Eén van de belangrijkste handhavingsinstrumenten voor deze autoriteit is het opleggen van een boete. Kort na de eeuwwisseling werden de eerste boetes opgelegd door de Nederlandse Mededingingsautoriteit, tegenwoordig de Autoriteit Consument en Markt (ACM). Als gevolg van de hoge percentages van beroep en hoger beroep beschikken we nu over 20 jaar aan rijke jurisprudentie op het gebied van kartelboetes.

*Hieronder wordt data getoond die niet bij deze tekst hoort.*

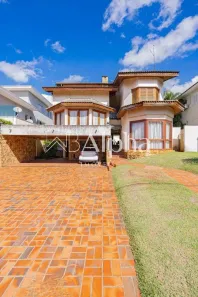 Casa de Condomínio com 5 Quartos à venda, 550m² no Alphaville Residencial Zero, Barueri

In dit artikel bespreekt Annalies Outhuijse diverse in het oog springende aspecten en ontwikkelingen van de bestuursrechtelijke rechtspraak op het gebied van kartelboetes. Hierbij wordt met name ingegaan op de grote lijnen die interessant zijn voor een algemeen bestuursrechtelijk publiek. Enerzijds betreft het hier punten die interessant zijn voor dit publiek omdat zij afwijkend zijn ten opzichte van wat we kennen ten aanzien van het algemene bestuursrecht, bijvoorbeeld wegens de hoge percentages van procederen en succesvol procederen die spelen bij dit rechtsgebied en de twee exclusief bevoegde rechterlijke instanties (Rechtbank Rotterdam en het College van Beroep voor het bedrijfsleven (het CBb)) die regelmatig kunnen verschillen van mening over de uitkomst van de zaak. Anderzijds zijn er juist ook ontwikkelingen die breder spelen binnen het bestuursrecht, zoals de focus op effectieve en efficiënte – en ook strenge – handhaving door de toezichthouder die ook belangrijke gevolgen heeft voor de jurisprudentie. Dit artikel behandelt beide soorten aspecten in afzonderlijke paragrafen. Alvorens in te gaan op de focus op effectieve en efficiënte handhaving in paragraaf 2.3, worden in paragraaf 2.1 en 2.2. opvallende uitkomsten van twintig jaar jurisprudentie uiteengezet. In het begin van paragraaf 2 wordt nader ingegaan op de twee belangrijke actoren voor de mededingingsrechtelijke jurisprudentie, namelijk de Rechtbank Rotterdam en het CBb en de ontwikkelingen die zich daarbij hebben voorgedaan, zoals het wetsvoorstel voor samenvoeging van het CBb met de Raad van State. Paragraaf 3 brengt de voorgaande aspecten samen en sluit af met een blik op de toekomst.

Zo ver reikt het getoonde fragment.